From time to time we receive complaints after rejection notices go out. Now and then the Program Chair must answer huffy letters in high dudgeon accusing the committee’s members of possessing no knowledge of this or that topic, of discriminating against this or that national group, and the like. The Program Committee goes to great lengths to ensure that the program represents different historical time periods (medieval, early modern, modern, etc.), topics (gender, economic history, labor history, etc.), and nationalities (US, Canadian, European, etc.). But, true enough, as a committee of three individuals we can never hope to master all possible topics or all possible languages in which the members of SHOT choose to work. It is also true that we sometimes reject perfectly good abstracts that propose topics outside the bounds of SHOT (to cite a recent example, an internal history of mathematical ideas). In some few cases, we believe that individual papers might even make excellent contributions to a different conference, just not SHOT. But such cases are, in fact, very rare, usually no more than one or two abstracts each year. In no case in recent memory have such rejections ever sparked a heated letter of complaint. The vast majority of rejections occur because the authors have made no argument at all for the potential relevance of their proposals to SHOT’s membership.

In fact the committee is predisposed to accept any abstract that advances a plausible case for its relevance to known works in the history of technology; likewise we always accept those that advance a case for the relevance of the history of technology to any other known literature. We even do so whether or not we necessarily know the merits of the particular books and articles in question. If we were to receive an abstract from a Byelorussian or a native of the Chatham Islands claiming to contribute to a debate among his or her compatriots about the history of technology, we would jump at the chance to include it, if for no other reason than to redress the ignorance among SHOT members about such underexplored subjects. One last piece of every “perfect” abstract also bears mention. The very best abstracts, those that always garner our unanimous acceptance, not only state their topic clearly in the first few sentences, not only pass from there into a paragraph about the relevance of this topic to known interests within SHOT, they also end by stating what methods and what body of research the author has used to tackle the topic in question. Sometimes abstracts go so far as to intimate the author’s conclusions, but it usually suffices to know that the author is onto something interesting and relevant and has thought seriously about how to go about his or her task. This last bit is usually covered in two or three sentences.

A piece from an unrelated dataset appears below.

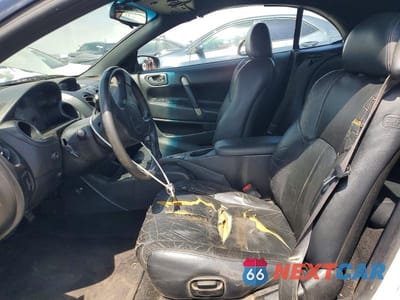 Zdjęcie 7 z 12 samochodu: 2002 MITSUBISHI ECLIPSE SPYDER GT VIN:4A3AE85H72E067748 - miniatura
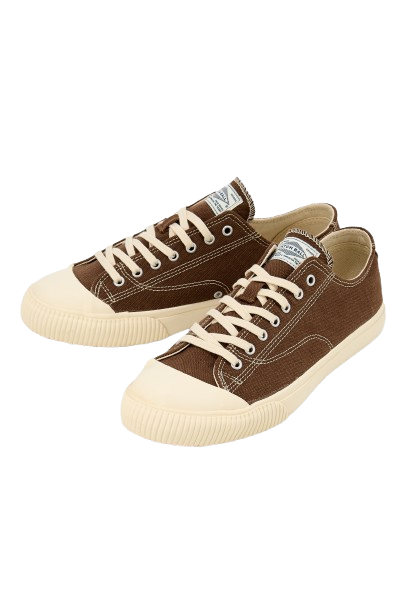 Man On The Boon Catchball Military Sneakers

As matters stand, we have a notable rejection rate for paper and panel submissions – fine evidence of a healthy society engaged in substantive inquiry and debate over issues that matter. These guidelines will have little effect on the overall rejection rate, a proportion arising from the quantity of submissions against the basic time and space constraints of a meeting. Rather, in offering these guidelines we aim to uncloak the mysteries that apparently have left many in the dark. All any graduate student need do is start off with a “hook,” stating his or her topic in no more than a paragraph; then develop an additional paragraph that outlines the historiographic relevance to SHOT; and, last, close with a brief statement of what he or she is going to do about it and how. Should students and scholars that make up SHOT all begin to do this, the work will become significantly harder for the Program Committee, but the payoffs for panelists, audiences, and SHOT at large will certainly reward that effort.